MATERIAL FOR THE TASK:
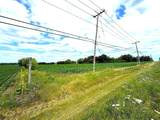 1602 State Hwy 60 - Photo 46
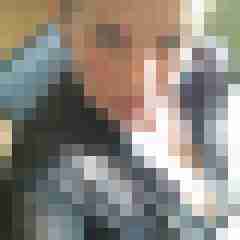 Mistbiene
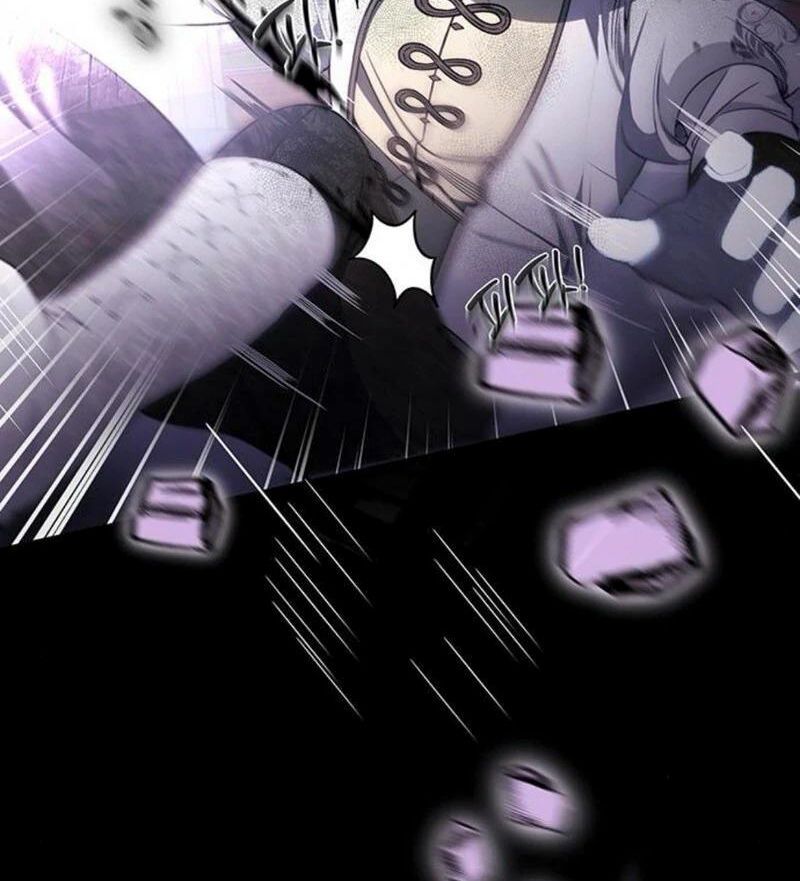 Nhóc Con Này Mơ Làm Trùm Phản Diện - Chapter 46 - Page 7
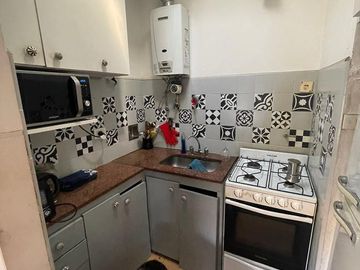 TERRENO CON 2 CHALET CONSTRUIDOS - EN GRAN ESTADO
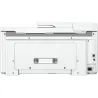 HP OfficeJet Pro 9720e HP+ Wide Format AiO All-in-One Printer - A3/A4 Color Ink, Print/Copy/Scan, Automatic Document Feeder, Aut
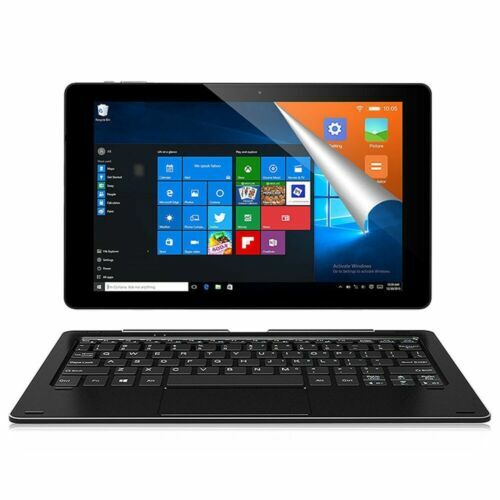 TECLAST F15 PLUS 2 (PSO026589) | eBay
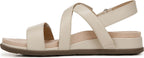 Vionic Cypress Slingback Sandal - Women's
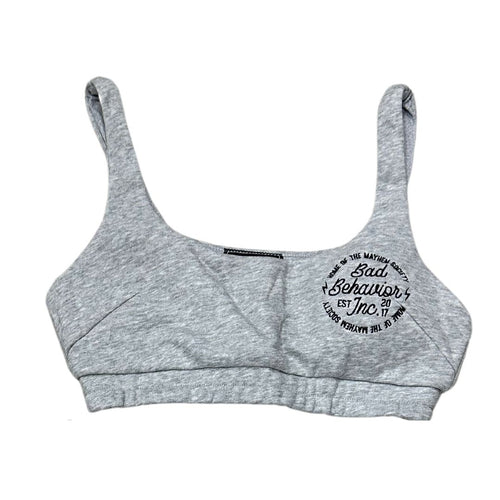 Classic M/S Lounge TOP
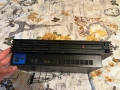3 броя Playstation 2 за части или ремонт (PS2), снимка 11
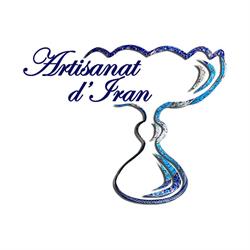 Artisanat D'Iran, Paris - Horaires d'ouverture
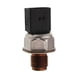 thumbnail image 5 of Sensor de de riel de 55PP19-02 regulador para 2.7 .7 D 3.6 D 4x4, 5 of 9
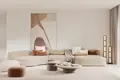 Appartement 3 chambres 201 m² Espagne, Espagne
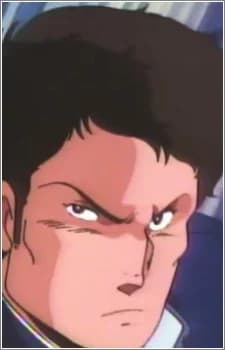 Sukekubo, Takei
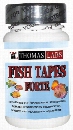 Thomas Labs Fish Tapes Forte 170mg (30 count)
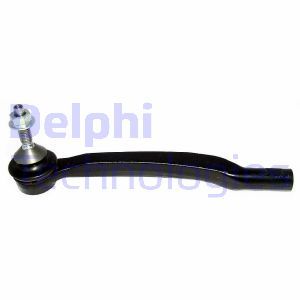 Tie Rod End - LH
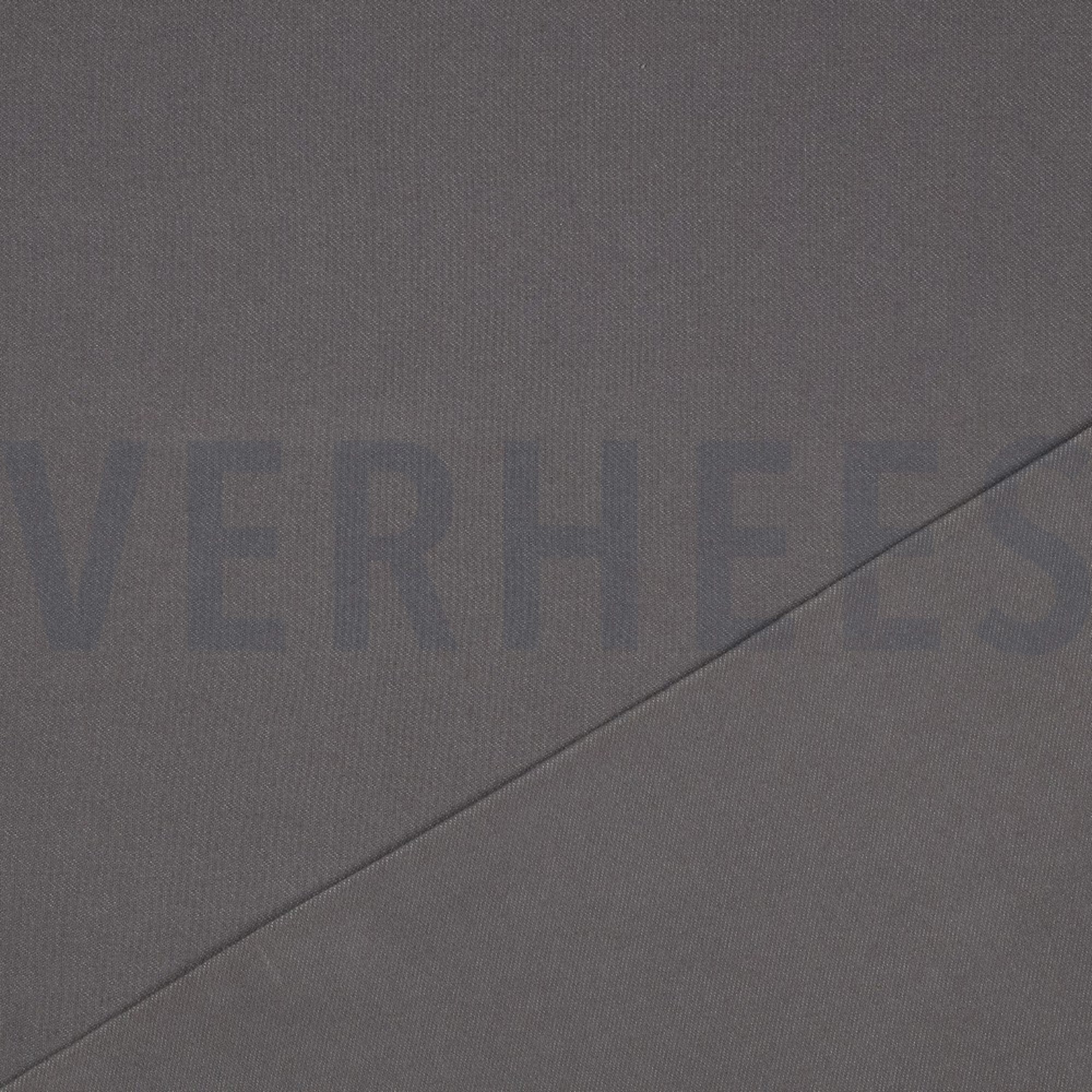 DENIM GEBREID GRIJS (high resolution) #4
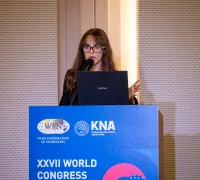 WCN2025 Day2 Web 146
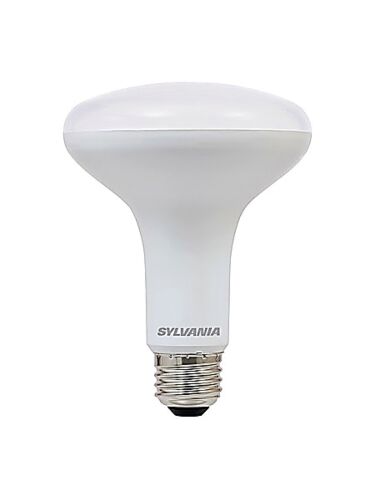ledvance_ecoled9br30dim8277yvrp4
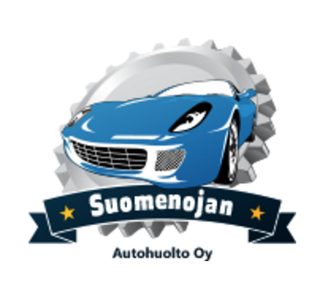 Suomenojan Autohuolto Espoo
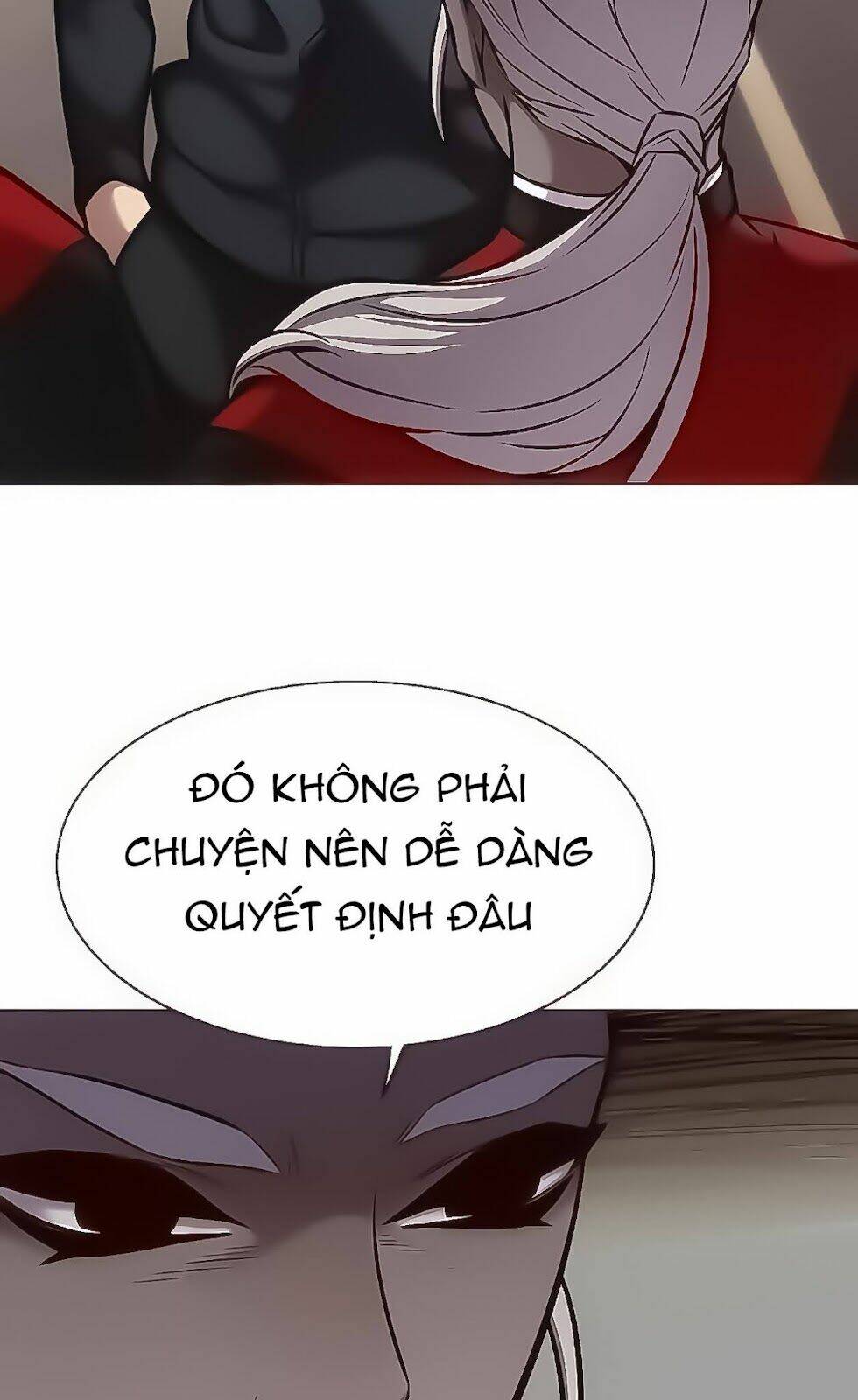 Nàng Cáo Trên Núi Chapter 168 - Trang 2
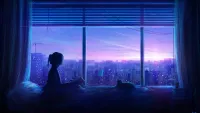 有太多人生活在“依赖”与依附别人生活的状态中。我们很少为自己做选择，也不为自己的选择负责。当自己出了问题，就将问题推给为自己做决定的人身上：“都是你们让我这样的”或者“因为你这样做，所以我这样做”等等。这是一个恶性循环。当我们无法为自己做选择，我们也就很难为自己负责。配图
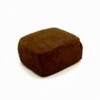 Hash Royal | Résine CBD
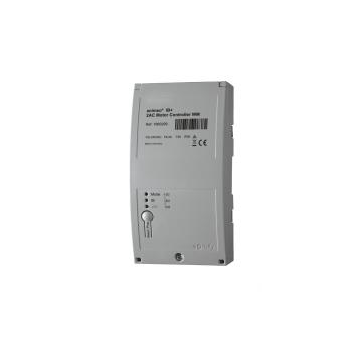 Somfy IB+ Motor Controller 1 AC Output Converter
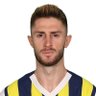 Ali kerro profil fotoğrafı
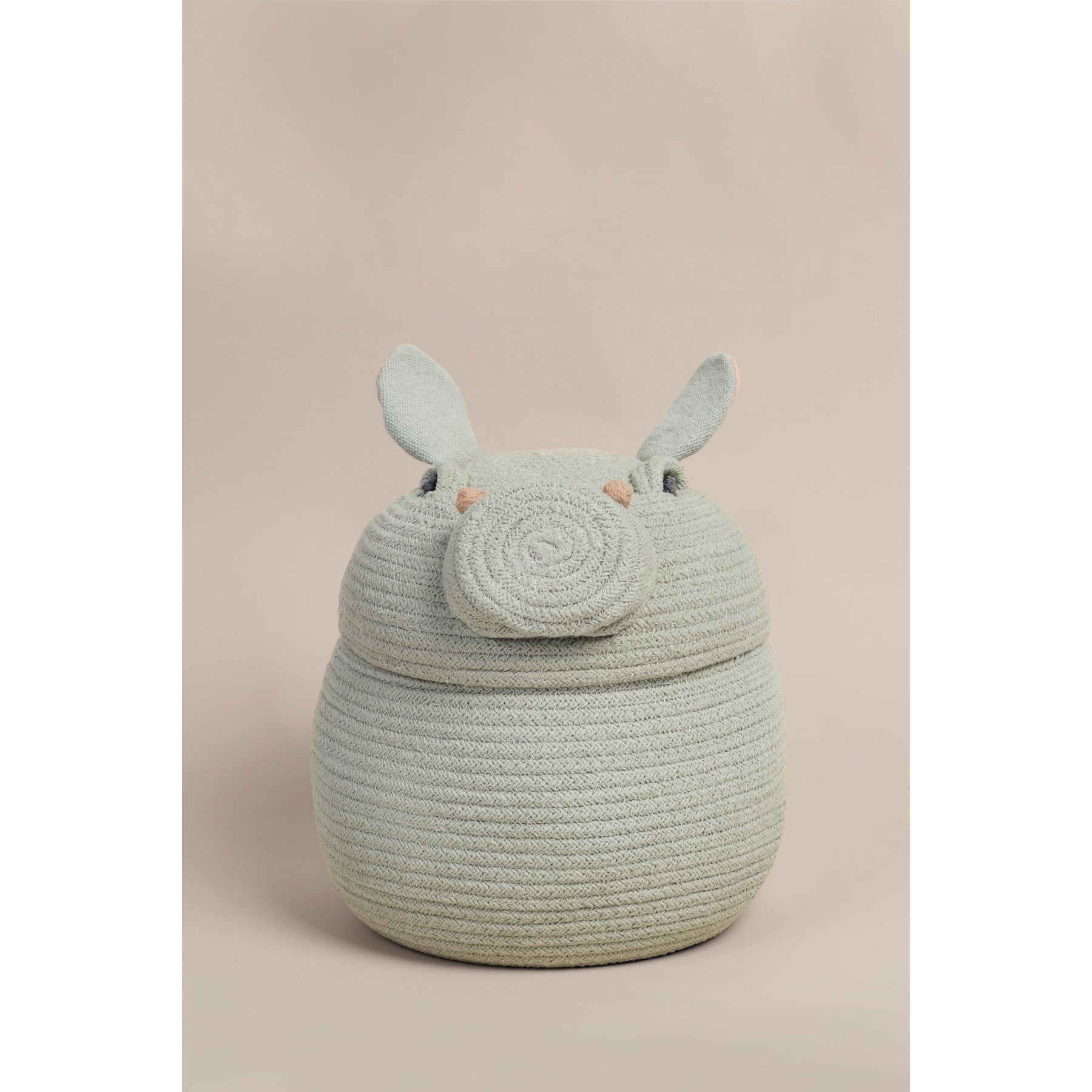 Henry the Hippo Basket、mySite、gigharbornorthrealestate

PROBLEM TO SOLVE: Return the listing above unchanged, apart from dropping its pictures.

RESULT FOR THIS EXERCISE:
 1602 State Hwy 60 - Photo 46
 Mistbiene
 Nhóc Con Này Mơ Làm Trùm Phản Diện - Chapter 46 - Page 7
 TERRENO CON 2 CHALET CONSTRUIDOS - EN GRAN ESTADO
 HP OfficeJet Pro 9720e HP+ Wide Format AiO All-in-One Printer - A3/A4 Color Ink, Print/Copy/Scan, Automatic Document Feeder, Aut
 TECLAST F15 PLUS 2 (PSO026589) | eBay
 Vionic Cypress Slingback Sandal - Women's
 Classic M/S Lounge TOP
3 броя Playstation 2 за части или ремонт (PS2), снимка 11
 Artisanat D'Iran, Paris - Horaires d'ouverture
 thumbnail image 5 of Sensor de de riel de 55PP19-02 regulador para 2.7 .7 D 3.6 D 4x4, 5 of 9
 Appartement 3 chambres 201 m² Espagne, Espagne
 Sukekubo, Takei
 Thomas Labs Fish Tapes Forte 170mg (30 count)
 Tie Rod End - LH
 DENIM GEBREID GRIJS (high resolution) #4
 WCN2025 Day2 Web 146
ledvance_ecoled9br30dim8277yvrp4
 Suomenojan Autohuolto Espoo
 Nàng Cáo Trên Núi Chapter 168 - Trang 2
 有太多人生活在“依赖”与依附别人生活的状态中。我们很少为自己做选择，也不为自己的选择负责。当自己出了问题，就将问题推给为自己做决定的人身上：“都是你们让我这样的”或者“因为你这样做，所以我这样做”等等。这是一个恶性循环。当我们无法为自己做选择，我们也就很难为自己负责。配图
 Hash Royal | Résine CBD
 Somfy IB+ Motor Controller 1 AC Output Converter
 Ali kerro profil fotoğrafı
 Henry the Hippo Basket、mySite、gigharbornorthrealestate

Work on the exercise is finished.